PRESIDENT BIDEN ENACTS EXECUTIVE ORDERS TO HELP ECONOMY AND WORKERS
COVID-19 Relief Legislation
On Thursday, January 21, Speaker of the House Nancy Pelosi (CA) announced that House Democrats will move swiftly to try and pass a massive coronavirus relief package, which will surely cause clashes in the newly turned Senate. House Democrats have even rearranged their schedule over the next couple of weeks to allow the relevant committees to consider various provisions of the relief package. On Sunday, January 24, Senator Bernie Sanders said that Senate Democrats will pass President Biden’s coronavirus relief package using the budget reconciliation process, which allows for a simple majority vote rather than with the support of 60 senators. A bi-partisan group of senators feel Biden’s plan provides too much money to high-income Americans, which could become a setback in negotiations. The plan extends the additional unemployment benefits through September and increases the federal minimum wage. Pelosi believes a package could come to the House floor for a vote as early as the week of February 1.
On Monday, January 25, President Biden is expected to sign an executive order (EO) that will safeguard American manufacturing jobs by ensuring more than $600 billion in taxpayer money the government spends on procurement contracts annually goes to U.S. companies. President Biden is wasting no time trying to stimulate the economy, which has been devastated by the coronavirus pandemic. The EO order would instruct the Federal Acquisition Regulatory Council, which oversees government procurement policy, to overhaul its definition of what it means for products to be made in the U.S. and to increase how much of a product’s parts must originate in the U.S. to be eligible for the Buy American program. It also aims to eliminate exemptions that allow federal agencies to circumvent the Buy American program. A new senior official in the Office of Management and Budget will be assigned to oversee all waivers and waiver requests will also be published on a public website to give U.S. companies an opportunity to compete for contracts that agencies would otherwise award to foreign competitors. The EO is part of Biden’s “Made in America” plan, which he said will create at least 5 million new manufacturing jobs.

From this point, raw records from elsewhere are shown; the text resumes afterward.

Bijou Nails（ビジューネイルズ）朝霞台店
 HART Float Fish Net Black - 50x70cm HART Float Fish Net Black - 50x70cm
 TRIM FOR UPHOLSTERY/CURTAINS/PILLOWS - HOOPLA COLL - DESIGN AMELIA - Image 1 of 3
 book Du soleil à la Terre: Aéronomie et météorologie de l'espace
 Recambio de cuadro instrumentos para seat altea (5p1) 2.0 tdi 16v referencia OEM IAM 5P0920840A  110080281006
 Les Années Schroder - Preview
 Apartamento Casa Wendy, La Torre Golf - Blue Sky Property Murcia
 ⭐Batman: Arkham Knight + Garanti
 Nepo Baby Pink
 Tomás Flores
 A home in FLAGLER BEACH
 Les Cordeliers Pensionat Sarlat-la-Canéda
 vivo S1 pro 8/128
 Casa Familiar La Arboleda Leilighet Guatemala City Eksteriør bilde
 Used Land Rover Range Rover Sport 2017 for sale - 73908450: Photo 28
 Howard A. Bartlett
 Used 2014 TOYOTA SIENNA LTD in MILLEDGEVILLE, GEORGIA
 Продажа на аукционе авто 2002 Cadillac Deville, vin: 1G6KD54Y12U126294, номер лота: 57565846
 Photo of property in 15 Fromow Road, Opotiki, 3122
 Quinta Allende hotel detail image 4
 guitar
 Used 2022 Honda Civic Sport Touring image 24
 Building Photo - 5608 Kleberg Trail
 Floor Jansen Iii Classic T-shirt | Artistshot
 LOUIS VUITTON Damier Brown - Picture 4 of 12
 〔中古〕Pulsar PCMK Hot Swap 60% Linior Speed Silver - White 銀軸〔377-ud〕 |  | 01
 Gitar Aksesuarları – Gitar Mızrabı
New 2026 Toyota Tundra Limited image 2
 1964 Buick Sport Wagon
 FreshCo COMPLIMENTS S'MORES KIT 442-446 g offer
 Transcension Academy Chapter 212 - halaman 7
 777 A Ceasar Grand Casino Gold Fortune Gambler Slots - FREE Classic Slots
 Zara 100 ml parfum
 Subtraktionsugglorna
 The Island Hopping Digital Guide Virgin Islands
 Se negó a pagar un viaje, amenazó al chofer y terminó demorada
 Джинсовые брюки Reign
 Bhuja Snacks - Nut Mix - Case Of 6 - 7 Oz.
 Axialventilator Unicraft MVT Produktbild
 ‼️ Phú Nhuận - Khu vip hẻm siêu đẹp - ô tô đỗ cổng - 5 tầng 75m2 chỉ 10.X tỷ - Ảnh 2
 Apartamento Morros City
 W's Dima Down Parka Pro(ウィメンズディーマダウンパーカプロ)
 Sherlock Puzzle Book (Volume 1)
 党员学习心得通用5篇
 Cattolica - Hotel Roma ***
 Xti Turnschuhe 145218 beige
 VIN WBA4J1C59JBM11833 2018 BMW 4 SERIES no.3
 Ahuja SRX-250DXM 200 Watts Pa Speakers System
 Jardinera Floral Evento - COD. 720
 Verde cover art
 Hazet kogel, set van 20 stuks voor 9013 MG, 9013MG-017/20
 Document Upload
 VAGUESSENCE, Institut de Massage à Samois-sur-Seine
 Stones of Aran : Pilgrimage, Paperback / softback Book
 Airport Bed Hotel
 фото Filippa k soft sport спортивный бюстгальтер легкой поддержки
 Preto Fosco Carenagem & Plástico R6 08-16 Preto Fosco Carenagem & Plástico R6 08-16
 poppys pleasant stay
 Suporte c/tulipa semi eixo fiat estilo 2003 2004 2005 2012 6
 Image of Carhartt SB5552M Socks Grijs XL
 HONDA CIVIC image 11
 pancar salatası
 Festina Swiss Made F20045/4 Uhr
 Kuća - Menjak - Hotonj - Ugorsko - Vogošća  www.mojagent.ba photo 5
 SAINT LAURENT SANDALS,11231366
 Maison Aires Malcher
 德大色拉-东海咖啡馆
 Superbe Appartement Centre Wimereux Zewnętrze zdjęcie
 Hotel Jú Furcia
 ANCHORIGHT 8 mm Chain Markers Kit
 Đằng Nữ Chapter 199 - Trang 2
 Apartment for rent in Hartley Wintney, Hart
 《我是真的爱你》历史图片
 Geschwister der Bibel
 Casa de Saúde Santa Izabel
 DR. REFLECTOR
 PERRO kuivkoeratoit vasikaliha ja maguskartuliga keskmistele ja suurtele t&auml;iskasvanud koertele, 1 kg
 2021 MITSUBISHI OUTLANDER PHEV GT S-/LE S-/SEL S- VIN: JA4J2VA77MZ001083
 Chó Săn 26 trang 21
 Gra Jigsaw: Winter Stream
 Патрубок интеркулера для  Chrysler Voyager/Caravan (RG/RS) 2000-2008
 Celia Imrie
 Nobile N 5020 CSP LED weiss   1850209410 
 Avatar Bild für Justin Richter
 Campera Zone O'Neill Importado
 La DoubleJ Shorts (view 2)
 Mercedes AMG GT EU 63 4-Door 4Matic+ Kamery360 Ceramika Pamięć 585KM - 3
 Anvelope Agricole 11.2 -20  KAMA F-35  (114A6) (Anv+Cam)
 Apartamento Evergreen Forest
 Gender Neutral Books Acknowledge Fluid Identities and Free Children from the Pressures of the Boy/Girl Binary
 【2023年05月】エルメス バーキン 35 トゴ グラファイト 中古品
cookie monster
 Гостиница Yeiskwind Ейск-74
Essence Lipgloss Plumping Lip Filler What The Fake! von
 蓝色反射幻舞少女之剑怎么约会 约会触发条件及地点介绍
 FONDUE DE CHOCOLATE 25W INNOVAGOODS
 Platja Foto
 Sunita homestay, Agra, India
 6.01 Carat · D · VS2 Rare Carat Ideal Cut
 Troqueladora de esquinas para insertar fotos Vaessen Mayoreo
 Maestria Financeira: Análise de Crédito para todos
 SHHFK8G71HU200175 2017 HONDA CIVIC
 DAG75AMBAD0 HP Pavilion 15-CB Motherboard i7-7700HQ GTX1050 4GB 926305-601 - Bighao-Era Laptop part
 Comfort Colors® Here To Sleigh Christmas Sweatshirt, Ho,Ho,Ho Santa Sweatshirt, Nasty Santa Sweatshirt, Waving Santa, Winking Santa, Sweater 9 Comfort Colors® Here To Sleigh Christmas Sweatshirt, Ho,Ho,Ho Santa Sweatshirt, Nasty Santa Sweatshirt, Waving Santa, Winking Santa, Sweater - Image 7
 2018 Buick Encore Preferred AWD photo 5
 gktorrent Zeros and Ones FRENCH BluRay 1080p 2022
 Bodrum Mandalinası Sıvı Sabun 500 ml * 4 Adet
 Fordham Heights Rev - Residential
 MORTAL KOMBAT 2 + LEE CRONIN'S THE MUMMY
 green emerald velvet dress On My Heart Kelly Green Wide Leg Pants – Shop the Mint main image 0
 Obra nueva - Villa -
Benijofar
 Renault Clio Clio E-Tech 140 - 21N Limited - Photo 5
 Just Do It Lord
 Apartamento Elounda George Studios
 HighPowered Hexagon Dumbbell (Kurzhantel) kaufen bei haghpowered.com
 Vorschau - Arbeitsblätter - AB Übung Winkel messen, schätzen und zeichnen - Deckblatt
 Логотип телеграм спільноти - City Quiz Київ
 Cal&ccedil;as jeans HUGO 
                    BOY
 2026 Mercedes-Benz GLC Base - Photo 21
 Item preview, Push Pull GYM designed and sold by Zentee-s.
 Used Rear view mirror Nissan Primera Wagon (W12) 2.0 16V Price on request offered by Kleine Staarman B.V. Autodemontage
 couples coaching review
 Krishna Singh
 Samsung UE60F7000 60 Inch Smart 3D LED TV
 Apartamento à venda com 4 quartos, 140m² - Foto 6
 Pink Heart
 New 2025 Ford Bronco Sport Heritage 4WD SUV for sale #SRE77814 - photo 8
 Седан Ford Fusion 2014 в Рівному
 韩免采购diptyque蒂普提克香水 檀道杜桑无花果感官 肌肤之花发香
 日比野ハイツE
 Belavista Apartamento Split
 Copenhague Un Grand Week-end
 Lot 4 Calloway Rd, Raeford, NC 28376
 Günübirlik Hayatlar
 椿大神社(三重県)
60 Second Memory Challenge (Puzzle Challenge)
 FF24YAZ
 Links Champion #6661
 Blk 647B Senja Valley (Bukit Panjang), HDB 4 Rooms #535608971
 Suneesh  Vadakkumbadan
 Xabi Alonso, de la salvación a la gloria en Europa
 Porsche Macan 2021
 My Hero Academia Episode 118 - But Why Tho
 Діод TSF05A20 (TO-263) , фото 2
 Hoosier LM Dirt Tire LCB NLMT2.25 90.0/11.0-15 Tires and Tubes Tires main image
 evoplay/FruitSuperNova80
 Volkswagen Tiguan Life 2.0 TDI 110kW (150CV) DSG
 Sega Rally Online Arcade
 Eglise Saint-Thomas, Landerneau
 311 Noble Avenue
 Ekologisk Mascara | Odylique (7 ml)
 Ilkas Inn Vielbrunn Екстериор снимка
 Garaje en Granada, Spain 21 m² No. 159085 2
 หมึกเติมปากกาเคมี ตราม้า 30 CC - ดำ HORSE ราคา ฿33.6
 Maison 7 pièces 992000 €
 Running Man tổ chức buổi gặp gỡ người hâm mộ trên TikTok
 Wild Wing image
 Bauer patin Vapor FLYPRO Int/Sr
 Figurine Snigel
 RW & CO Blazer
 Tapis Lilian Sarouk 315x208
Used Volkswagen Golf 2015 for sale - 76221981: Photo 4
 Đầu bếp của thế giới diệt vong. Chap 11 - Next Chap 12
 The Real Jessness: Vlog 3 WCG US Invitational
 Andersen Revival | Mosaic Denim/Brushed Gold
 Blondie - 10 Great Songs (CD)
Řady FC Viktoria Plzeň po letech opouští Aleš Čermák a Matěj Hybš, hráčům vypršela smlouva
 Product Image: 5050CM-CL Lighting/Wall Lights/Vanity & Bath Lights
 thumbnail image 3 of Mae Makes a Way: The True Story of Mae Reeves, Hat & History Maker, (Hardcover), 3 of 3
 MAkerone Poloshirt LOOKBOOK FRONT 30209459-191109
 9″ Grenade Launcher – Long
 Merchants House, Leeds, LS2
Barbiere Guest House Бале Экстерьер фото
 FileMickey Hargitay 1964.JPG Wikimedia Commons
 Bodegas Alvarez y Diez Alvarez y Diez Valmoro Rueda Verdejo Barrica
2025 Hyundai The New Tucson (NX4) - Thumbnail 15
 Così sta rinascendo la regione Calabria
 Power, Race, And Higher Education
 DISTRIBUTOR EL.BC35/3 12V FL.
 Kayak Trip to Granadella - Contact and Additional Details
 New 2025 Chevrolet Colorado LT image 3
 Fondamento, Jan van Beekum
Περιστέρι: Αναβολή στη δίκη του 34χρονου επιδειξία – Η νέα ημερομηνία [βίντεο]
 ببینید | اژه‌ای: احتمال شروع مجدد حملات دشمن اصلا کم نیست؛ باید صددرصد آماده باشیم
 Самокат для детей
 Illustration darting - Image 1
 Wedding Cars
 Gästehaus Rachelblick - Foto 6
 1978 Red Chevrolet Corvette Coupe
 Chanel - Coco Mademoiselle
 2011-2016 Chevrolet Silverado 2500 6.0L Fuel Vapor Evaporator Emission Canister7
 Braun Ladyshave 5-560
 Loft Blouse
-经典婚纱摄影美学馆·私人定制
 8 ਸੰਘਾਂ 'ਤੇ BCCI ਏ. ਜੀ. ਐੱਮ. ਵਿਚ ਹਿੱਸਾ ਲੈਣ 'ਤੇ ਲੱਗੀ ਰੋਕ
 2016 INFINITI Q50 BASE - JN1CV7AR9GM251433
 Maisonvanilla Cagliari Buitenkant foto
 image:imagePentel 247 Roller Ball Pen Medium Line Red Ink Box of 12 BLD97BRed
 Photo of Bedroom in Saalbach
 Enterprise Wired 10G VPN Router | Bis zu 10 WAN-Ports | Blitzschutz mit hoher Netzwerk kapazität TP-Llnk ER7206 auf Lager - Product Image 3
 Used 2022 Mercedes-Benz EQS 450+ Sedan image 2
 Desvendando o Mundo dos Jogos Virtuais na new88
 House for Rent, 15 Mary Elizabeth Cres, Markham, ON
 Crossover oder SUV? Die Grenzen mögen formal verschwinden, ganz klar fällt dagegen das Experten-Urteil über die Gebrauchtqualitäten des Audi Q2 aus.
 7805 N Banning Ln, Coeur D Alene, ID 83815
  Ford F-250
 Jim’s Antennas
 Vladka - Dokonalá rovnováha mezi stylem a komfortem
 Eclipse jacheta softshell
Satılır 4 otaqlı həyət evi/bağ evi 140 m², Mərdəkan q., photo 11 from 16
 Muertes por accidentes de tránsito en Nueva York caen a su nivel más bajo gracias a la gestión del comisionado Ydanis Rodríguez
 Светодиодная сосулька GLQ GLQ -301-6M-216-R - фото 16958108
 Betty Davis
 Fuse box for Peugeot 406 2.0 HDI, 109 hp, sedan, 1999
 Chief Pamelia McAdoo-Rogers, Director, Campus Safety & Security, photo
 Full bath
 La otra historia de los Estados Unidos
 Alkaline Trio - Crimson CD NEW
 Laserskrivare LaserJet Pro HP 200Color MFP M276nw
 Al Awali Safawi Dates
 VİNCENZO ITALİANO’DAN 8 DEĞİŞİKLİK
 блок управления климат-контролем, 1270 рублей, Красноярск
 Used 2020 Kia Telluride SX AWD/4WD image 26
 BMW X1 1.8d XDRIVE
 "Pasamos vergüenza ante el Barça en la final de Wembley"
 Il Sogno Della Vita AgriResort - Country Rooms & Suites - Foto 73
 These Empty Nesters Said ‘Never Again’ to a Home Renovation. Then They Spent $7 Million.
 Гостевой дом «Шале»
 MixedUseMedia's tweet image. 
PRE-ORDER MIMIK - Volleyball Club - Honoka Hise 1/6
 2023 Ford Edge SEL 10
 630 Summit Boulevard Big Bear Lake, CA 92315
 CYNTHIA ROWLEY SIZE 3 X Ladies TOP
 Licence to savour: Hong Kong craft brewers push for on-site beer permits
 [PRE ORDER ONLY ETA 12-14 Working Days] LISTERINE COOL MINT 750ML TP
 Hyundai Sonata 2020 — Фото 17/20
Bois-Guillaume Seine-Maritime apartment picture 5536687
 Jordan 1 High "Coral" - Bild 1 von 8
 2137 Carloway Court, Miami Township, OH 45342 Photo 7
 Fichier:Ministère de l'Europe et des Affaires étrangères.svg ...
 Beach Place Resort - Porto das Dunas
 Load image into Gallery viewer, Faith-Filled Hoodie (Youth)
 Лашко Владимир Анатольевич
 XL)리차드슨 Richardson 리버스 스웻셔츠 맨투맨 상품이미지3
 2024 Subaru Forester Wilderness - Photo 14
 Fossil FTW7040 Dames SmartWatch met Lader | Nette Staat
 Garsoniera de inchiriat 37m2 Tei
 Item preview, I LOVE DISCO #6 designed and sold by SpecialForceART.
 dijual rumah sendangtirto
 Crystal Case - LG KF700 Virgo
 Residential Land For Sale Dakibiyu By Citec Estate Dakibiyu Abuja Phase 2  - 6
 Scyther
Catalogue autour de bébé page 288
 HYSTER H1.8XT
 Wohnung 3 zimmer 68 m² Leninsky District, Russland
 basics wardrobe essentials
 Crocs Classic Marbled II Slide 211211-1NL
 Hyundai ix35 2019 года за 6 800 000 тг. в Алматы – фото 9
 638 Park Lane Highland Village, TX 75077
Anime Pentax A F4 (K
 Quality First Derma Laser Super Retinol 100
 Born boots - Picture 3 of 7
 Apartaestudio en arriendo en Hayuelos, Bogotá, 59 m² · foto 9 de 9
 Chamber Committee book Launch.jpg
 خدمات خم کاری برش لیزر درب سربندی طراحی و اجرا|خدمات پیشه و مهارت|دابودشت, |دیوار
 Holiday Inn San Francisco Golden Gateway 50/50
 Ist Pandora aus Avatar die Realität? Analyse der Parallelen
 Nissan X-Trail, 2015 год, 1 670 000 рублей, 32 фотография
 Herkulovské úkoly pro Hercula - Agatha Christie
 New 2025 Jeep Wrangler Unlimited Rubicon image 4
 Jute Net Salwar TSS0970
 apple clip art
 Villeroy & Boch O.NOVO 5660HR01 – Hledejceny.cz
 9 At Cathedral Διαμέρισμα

On Friday, January 22, President Biden issued two executive orders (EO) to address the economic toll of the coronavirus pandemic and try and provide relief for businesses and families. The EOs include expanding the Supplemental Nutrition Assistance Program (SNAP) to address food insecurity, accelerating financial assistance to eligible Americans, ensuring worker protections, and beginning the process to require that everyone working for the federal government gets paid a minimum wage of $15 per hour. It asks the U.S. Department of Labor to provide clarification on workers’ right to ‘refuse employment that will jeopardize their health’ amid the coronavirus pandemic and still qualify for unemployment insurance. The EOs also restore collective bargaining power and worker protections by revoking three Trump Era Executive Orders.
Click here to read a fact sheet on the EOs.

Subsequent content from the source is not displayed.